__About this task__
Go through the data below and copy each line that includes "house".

[Data records]
___
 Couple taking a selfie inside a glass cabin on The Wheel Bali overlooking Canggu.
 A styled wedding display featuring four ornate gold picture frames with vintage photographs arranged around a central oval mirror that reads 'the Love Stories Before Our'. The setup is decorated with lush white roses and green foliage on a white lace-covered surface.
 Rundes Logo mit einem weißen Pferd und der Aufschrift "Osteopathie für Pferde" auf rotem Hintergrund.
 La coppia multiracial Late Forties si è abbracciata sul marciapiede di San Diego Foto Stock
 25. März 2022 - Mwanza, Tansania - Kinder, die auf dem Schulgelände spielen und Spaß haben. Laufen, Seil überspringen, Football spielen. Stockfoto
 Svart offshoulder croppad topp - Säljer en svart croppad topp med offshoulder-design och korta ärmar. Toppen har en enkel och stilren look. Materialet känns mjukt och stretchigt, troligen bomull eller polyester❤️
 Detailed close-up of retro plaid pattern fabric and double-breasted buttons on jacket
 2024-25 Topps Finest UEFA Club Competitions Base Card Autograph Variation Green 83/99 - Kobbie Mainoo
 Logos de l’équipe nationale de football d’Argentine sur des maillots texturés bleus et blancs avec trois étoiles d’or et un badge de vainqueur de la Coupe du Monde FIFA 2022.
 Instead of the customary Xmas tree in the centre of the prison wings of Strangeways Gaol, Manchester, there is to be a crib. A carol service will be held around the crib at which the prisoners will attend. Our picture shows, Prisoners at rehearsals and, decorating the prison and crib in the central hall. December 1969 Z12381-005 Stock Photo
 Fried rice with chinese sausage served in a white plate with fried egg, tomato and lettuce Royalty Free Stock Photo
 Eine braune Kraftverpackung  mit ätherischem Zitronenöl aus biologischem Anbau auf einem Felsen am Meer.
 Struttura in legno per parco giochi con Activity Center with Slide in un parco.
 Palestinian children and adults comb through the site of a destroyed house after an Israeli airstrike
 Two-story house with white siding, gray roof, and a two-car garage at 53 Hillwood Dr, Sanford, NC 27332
___
__Expected answer__
 Palestinian children and adults comb through the site of a destroyed house after an Israeli airstrike
 Two-story house with white siding, gray roof, and a two-car garage at 53 Hillwood Dr, Sanford, NC 27332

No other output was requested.